Wednesday, November 12, 2008

A Slither of Hope In The Middle East

Barack Obama sacked adviser over talks with Hamas

Left: Barack Obama had criticized former President Jimmy Carter for holding direct talks with Hamas.

Robert Malley told The Times that he had been in regular contact with Hamas, which controls Gaza and is listed by the US State Department as a "terrorist organization." Such talks, he stressed, were related to his work for a conflict resolution think-tank and had no connection with his position on Mr. Obama’s Middle East advisory council.

Left: Robert Malley, an expert on Middle East policy, and a former senior aide to President Clinton on Palestinian- Israeli negotiations.

“I’ve never hidden the fact that in my job with the International Crisis Group I meet all kinds of people,” he added.

Ben LaBolt, a spokesman for Mr. Obama, responded swiftly: “Rob Malley has, like hundreds of other experts, provided informal advice to the campaign in the past. He has no formal role in the campaign and he will not play any role in the future.” The rapid departure of Mr Malley followed 48 hours of heated clashes between John McCain, the Republican nominee-elect, and Mr Obama over Middle East policy.

Mr Obama, who has been trying to assuage suspicion towards him among the influential Jewish and pro-Israel lobby, spoke at a Washington reception marking the 60th anniversary of Israeli independence on Thursday when he promised that his commitment to the country’s security would be “unshakeable.”

However, NBC reported one of Obama campaign's informal Middle East advisers, Robert Malley, confirms to NBC NEWS that he has resigned from any role in the campaign because critics have tried to make an issue of his meetings with Hamas. The Times of London called him about it this morning, and has posted a story online. As a result, he called Obama's campaign today and took himself out of any future role.

Apparently, his ties were not permanently severed because Obama sent senior foreign policy adviser Robert Malley to Egypt and Syria over the last few weeks to outline his policy on the Middle East. The thrust of sending Malley as an envoy was to convey the Obama administration would take into greater account Egyptian and Syrian interests.

Obama, according to the aide, plans to initiate a diplomatic initiative towards Syria, reversing the policy of President Bush, who regards Syria as a leading supporter of insurgency in Iraq and a threat to Israel. Robert Malley met both Egyptian President Hosni Mubarak and Syrian President Bashar al-Assad to explain Obama's agenda for a "New Middle East."

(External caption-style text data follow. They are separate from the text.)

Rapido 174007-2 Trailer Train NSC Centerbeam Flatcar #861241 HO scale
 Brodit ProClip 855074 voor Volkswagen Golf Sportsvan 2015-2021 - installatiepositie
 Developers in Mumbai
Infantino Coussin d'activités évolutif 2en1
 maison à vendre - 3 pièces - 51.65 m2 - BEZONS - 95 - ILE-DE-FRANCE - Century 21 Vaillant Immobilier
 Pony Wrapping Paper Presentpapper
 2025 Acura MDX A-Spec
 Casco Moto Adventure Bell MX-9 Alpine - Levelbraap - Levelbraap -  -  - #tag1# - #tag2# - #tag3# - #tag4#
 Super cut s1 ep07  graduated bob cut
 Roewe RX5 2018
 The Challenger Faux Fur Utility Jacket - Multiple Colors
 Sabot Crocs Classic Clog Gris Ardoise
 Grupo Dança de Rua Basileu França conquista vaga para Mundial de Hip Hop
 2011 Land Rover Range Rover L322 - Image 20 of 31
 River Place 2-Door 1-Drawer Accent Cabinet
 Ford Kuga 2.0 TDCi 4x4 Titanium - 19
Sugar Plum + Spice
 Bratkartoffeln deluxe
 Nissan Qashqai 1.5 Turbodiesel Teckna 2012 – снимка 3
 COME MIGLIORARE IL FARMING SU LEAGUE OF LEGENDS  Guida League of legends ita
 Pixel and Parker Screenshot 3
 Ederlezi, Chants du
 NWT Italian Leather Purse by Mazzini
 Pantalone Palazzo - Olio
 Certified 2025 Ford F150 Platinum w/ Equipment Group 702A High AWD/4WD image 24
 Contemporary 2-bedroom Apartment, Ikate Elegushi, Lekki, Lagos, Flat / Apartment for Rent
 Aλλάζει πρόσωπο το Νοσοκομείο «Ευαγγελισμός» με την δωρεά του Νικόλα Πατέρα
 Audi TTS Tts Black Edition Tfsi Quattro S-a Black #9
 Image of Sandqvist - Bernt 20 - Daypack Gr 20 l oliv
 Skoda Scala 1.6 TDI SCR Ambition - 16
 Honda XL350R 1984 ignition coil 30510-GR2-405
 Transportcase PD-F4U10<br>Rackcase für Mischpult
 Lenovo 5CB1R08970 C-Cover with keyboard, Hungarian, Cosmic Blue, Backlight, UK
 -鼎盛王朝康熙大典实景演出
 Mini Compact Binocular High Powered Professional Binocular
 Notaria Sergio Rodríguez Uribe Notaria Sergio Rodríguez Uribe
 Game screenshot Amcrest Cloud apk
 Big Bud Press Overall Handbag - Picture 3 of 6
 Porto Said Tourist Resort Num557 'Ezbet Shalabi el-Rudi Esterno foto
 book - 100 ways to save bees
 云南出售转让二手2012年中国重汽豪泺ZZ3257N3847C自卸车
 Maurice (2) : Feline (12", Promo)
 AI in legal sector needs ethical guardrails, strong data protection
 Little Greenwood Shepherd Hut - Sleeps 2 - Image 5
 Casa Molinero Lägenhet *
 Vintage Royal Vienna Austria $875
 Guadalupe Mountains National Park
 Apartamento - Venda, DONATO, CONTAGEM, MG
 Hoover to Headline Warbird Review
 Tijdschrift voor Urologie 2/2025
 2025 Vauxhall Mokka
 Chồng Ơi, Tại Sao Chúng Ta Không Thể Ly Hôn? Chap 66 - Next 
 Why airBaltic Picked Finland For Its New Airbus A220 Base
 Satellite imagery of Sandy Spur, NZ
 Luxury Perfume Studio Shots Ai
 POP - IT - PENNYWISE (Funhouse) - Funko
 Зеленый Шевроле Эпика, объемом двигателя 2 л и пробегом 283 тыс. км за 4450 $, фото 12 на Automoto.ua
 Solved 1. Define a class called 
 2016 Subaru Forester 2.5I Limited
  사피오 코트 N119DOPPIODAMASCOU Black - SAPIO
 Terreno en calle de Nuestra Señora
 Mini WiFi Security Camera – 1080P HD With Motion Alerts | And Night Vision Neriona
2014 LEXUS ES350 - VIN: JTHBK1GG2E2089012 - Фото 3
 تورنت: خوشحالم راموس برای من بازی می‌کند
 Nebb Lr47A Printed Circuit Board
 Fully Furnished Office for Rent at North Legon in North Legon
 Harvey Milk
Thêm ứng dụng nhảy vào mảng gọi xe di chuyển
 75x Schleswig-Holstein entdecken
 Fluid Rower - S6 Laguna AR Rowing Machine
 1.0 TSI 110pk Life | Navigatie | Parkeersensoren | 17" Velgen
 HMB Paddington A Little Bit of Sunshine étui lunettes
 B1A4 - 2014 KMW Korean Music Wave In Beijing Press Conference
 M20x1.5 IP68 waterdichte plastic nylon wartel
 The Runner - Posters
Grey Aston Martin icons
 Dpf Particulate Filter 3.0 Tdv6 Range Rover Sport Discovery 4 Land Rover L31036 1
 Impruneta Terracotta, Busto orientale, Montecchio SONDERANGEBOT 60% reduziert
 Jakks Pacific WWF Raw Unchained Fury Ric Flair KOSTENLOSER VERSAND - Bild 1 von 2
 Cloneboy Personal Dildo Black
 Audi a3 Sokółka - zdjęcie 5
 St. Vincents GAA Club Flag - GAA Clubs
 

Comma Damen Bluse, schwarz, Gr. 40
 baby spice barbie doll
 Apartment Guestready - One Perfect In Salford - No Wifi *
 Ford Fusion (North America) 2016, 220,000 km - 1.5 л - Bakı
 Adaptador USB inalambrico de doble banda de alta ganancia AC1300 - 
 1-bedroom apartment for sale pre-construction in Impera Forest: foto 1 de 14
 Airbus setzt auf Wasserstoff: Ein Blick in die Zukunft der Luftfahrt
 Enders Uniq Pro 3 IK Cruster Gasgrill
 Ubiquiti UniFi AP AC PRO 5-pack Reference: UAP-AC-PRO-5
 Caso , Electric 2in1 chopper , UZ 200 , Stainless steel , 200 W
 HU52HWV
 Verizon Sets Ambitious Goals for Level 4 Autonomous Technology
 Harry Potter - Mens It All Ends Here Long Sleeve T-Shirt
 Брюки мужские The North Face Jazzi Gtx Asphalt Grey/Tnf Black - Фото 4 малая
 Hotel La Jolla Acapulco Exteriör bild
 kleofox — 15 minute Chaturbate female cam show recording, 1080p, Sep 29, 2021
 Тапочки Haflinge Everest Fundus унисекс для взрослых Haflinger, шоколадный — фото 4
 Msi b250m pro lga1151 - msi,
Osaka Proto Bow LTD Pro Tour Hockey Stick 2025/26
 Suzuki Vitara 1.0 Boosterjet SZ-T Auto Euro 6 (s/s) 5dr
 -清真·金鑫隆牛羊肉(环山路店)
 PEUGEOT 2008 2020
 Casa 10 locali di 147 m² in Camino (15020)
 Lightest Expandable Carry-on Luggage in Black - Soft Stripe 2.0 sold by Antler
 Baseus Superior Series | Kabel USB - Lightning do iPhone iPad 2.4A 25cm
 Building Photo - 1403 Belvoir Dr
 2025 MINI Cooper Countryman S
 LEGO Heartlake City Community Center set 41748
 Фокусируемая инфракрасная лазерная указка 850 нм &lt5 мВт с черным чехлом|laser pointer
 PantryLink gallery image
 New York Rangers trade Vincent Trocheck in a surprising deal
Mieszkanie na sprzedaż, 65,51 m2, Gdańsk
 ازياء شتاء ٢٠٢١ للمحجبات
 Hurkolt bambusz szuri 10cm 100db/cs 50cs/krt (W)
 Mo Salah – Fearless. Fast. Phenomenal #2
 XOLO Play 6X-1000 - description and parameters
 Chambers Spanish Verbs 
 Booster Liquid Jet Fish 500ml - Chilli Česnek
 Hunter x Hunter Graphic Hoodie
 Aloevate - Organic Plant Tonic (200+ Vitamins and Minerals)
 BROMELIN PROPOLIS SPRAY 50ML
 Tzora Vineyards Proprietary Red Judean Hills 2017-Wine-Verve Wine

An equidistant US foreign policy, which attempts to mediate a just and peaceful resolution of the Palestinian / Israeli 'conflict' seems doubtful from the evidence currently available to us -- in light of President-elect Obama's senatorial record on the issue and his campaign rhetoric. However, there is some intimation that a more balanced and pragmatic policy may take hold in Palestine considering the Obama administration has said it plans to include all the factions of the Taliban in its Afghanistan / Pakistan proposals to redress the utter failures of the war -- pursuing a rapport that includes economic aid as well as negotiations to rein in the vibrant insurgency. A similar strategy was advised by the Iraq Study Group in its findings that General Petraeus implemented as part of the so-called surge in the Iraq War.

The Obama administration has suggested that it will introduce its own foreign policy agenda, which would be based on a pluralist approach; involving a combination of soft and hard diplomacy to settle regional and global conflicts. The Middle East desperately needs a peace-maker. Will Barack Obama, the US President-elect, rise to the challenge?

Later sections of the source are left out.